Second governments should not be about policing -reporting “strange
ideas or behaviours.” The government needs to support vulnerable
communities-job fairs, tutoring, recreation, and civic engagement to
ensure people are productively engaged.
“Since religious ideology doesn’t predict violence, but rather the social conditions of groups, governments should think of CVE as simply providing good government. In essence, we guard against violence by making our societies less vulnerable to cult-like groups seeking to isolate, encapsulate, and predate on weak individuals”.
Mosques should be celebrated for building deep community ties, because
such social fabric is far more likely to prevent radicalisation than
debating the finer points of shari’a law in chat rooms.

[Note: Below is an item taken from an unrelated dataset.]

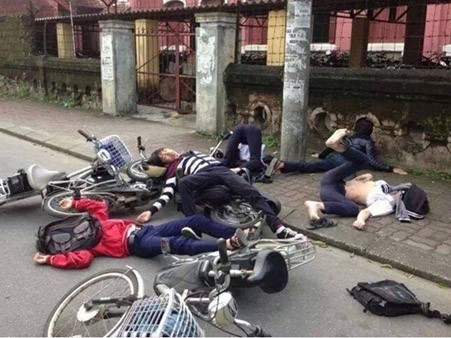 Chế ảnh phản cảm, teen THPT Hai Bà Trưng bị ‘ném đá’ Chế ảnh phản cảm, teen THPT Hai Bà Trưng bị ‘ném đá’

We should target and counter all types of “extremist violence.” The cult
analogy points to the social factors that give ideology meaning, but
all types of violence have social conditions that constitute actors in
particular ways. Countering extremism should be conceptualised as
engaging a social phenomenon, not just a set of beliefs and ideas.
As Robert Putnam has argued, the fabric of a healthy democracy is the relational bonds between citizens (Putnam 2001).
Similarly, the fabric of a strategy to counter extremism is to build a
social network of alternatives to the appeal of violence.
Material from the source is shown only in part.